Saturday, November 22

This is not a complex instruction to follow.

This last week has seen Sir taking on the role of exam supervisor at the Senior Campus of the Salt Mine. Loading 700 plus Yr 10 students into a gymnasium stuffed with single tables and single chairs in 30 by 20 rows is a mean feat, a toughie in any one's books. Up goes the starters gun.

We provide out students with a quality education that gives them experience of examinations from Yr 7 to Yr 12. The theory being that the young ones will grow accustomed to sitting exams and therefore perform better in their Senior Year. Poppycock. The practice shows that instead, most students but especially boys, experience a mental meltdown twice a year. This is their experience of educational preparation. Desperate stubbly young faces searching mine for any sign of contact with humanity in the sterile conditions of tertiary examination practice.

The the exam begins. Certain teachers are rostered on for exam duty. Certain teachers patrol the exam hall like hawks, looking for any sigh of movement outside the expected behavioural sphere... which is, well... small. Sir feels a little like a grown up child, wanting to scream "stop moving about, for god's sake! Can't you see the child is already having an out of body experience?''. Ten heavy pairs of teacher feet clump up and down long rows, watching pencils dart across paper, eyes seeking confirmation, questions being asked driven by the need for a vocal conversation removed from the intense looping panic dialoge inside 700 heads.

It ends. Papers are collected and collated. 1400 weary eyes exit the hall and scurry off... somewhere. Home, the local shopping hole, to parents waiting in cars, back home to the X Box. 700 audible sighs of releif. One shakey Sir. Anger engulfs her for the injustice of this phoney experience. Sir never liked exams and was a good student. Sigh.

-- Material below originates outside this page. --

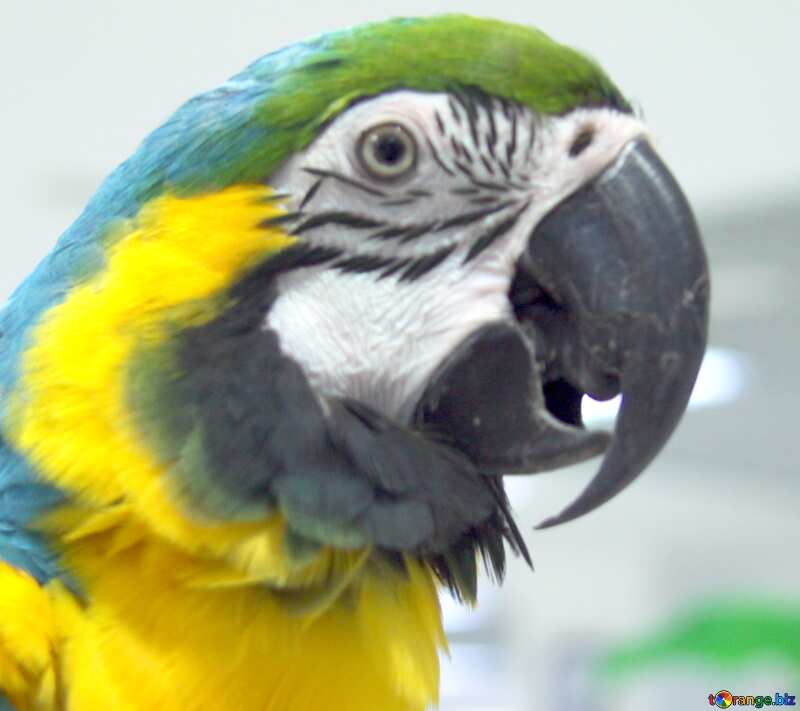 large parrot №10817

Injustice in this system refers to the exam experience as just that. An experience. Students at the Salt Mine are not required to pass said examinations to pass a subject sucessfully, yet they are required to sit the exam to meet the requirements of the school year. Promotion panel discussions revolved around preparation for the said event... an excrutiating cross examination of a failing student's ability to show their engagement with the school community and curriculum. Or no engagement as the case often will be. The pain for the true educator is why such an emphasis on a false positive experience? Sir struggles to see the point of trying to mould new generation sparkies, plumbers and hairdressors into examination machines... and will struggle for many years to come.